ここから本文です

赤城乳業の名物部長が語る「ガリガリ君」秘話

5/25(木) 18:15配信

ITmedia ビジネスオンライン

 子供から大人まで、年齢層を問わず愛され続ける赤城乳業のアイスクリーム「ガリガリ君」――。1981年の発売以降、右肩上がりで販売本数を伸ばし続け、2013年には4億5000万本を突破した。定番の「ソーダ味」だけでなく、「コーンポタージュ味」「シチュー味」など、独創的な限定商品も人気となっている。

【これまでの仕事を振り返る萩原部長】

 そんなガリガリ君の商品開発やマーケティングを手掛けてきたのが、営業本部 マーケティング部の萩原史雄部長だ。萩原部長は94年に入社後、10年ほど営業の経験を積み、04年にマーケティング部へ異動。ガリガリ君のブランド戦略を担い、さまざまなフレーバーの新商品を開発したほか、小学館やバンダイなど他業種の企業と手を組んだ“コラボ企画”を次々と実現。売り上げ拡大の立役者となった。

 では、萩原部長は、ガリガリ君をどのようにして人気商品にまで育て上げたのだろうか――。ITmedia ビジネスオンライン編集部が主催する読者イベント「アクションリーダー学」で、萩原部長が13年にわたる取り組みの内容について語った。

●ガリガリ君は「コンビニと一緒に成長した商品」

ITmedia ビジネスオンライン編集部(以下「編集部」): ご登壇いただきありがとうございます。「ガリガリ君」は81年の発売で、萩原部長が幼い頃から世に出ていました。当時の印象はいかがでしたか?

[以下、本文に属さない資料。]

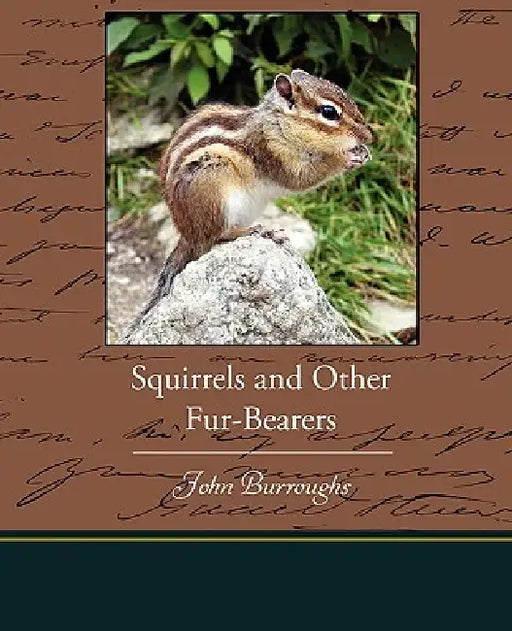 Squirrels and Other Fur-Bearers by John Burroughs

萩原部長: 私は当時小学生で、グレープフルーツ味が安くておいしかったことを覚えています。今とは違って、ゴリラのようなイメージキャラクターを起用していたので、「変なアイスがあるな」とも思っていました(笑)

編集部: 萩原部長が入社してからマーケティング部に異動するまでの、ガリガリ君のイメージに関してはいかがでしょうか。

萩原部長: コンビニの成長と一緒にガリガリ君も育った印象です。コンビニの拡大のおかげで、売上本数は94年には6600万本にまで成長しました。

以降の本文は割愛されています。